At this stage there are two ways where the subtle and underhanded effort to negatively influence the civic societies is manifesting. The regular one is through the misuse of the right to dual membership. This is in line with the old culture of controlling or nudging the so-called mass association to your political agenda though political cadres and members.  In other words, the dual loyalty of the individuals who belong to given political organizations and join civic societies is used to manipulate the civic societies into the middle of all political disagreements and force them to take side in favor of or against the burning issue within the camp of the opposition. The hybrid nature of the civic societies is indirectly helping the maneuvering of the opposition political actors.  
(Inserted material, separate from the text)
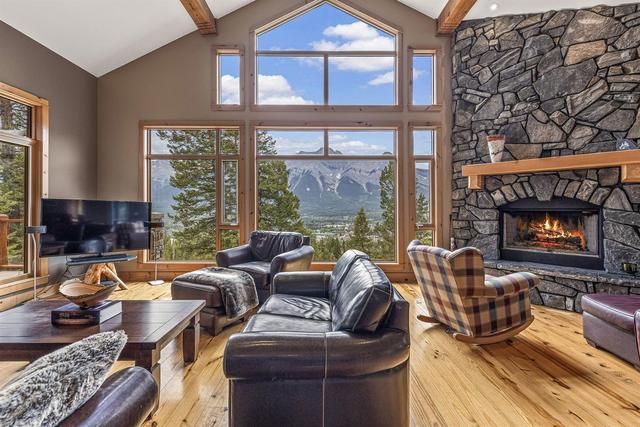 25 Juniper Ridge, House detached with 4 bedrooms, 5 bathrooms and 4 parking in Canmore AB | Image 10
The second myopic approach, without delving into the motivation of the actors, is a classic example of the ingrained fear that permeates most of our political culture towards independent institutions. Since for a long time the political societies have been dominating and controlling the political space the emergence of the civic societies has created a deep insecurity within them. This is the continuation of the misguided, so-called “Meda Eritrea can only handle one organization” philosophy. Leaving aside all such rhetoric, the Third Space is not understood or welcomed in many quarters.
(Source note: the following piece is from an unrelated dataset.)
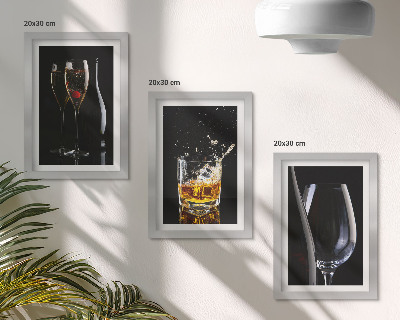 Juego de 3 cuadros decorativos Copas de vino y whisky sobre un fondo negro.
The scenario goes like this: who organized these intellectuals, why are so many civic organizations emerging at this time? Why are individuals abandoning established political organizations and opting for the civil route? Who is behind this?  Who is financing it? What is the need for civic organizations since we are all opposition? etc. The underground campaign is alive and well.  But this will only strengthen those of us who are determined to go on expanding, clarifying, rallying and consolidating the Third Space. ‘The die is cast’. Leaving the Eritrean political space to politicians and self-appointed power brokers will be committing political treachery on the Eritrean people. This will be leaving the people of Eritrea exposed to whatever deal is worked out by political elites, brokers and possibly facilitated by external actors. Civic activists must stand firm and identify the process whereby their right and legitimacy to exist and function independently is not corrupted. They have to start thinking on how to move into the next phase of organizing the civic space - a formidable but surmountable task.

Q: Is there anything by a way of final statement you want to make?

A: Let me thank you for the opportunity to answer these questions. While I am at it I am glad you have resumed your journalistic contribution in the ongoing effort to strengthen the independent media and independent voices. I am from the school of thought - Jeffersonian school of thought - if I have to choose between a country without government or Free Press I will choose a country with Free Press over a government. The strongest anti-dot to tyranny, fanaticism of all kinds and forms of repression is an Independent, Free Press. Your journalistic expertise and experience will be badly needed as we move into the critical phase of our struggle and beyond.  As a civic activist I appreciate and treasure our journalists’ contributions to the process of building and consolidation of freedom, justice and democracy. Stay strong and stay engaged. Thanks.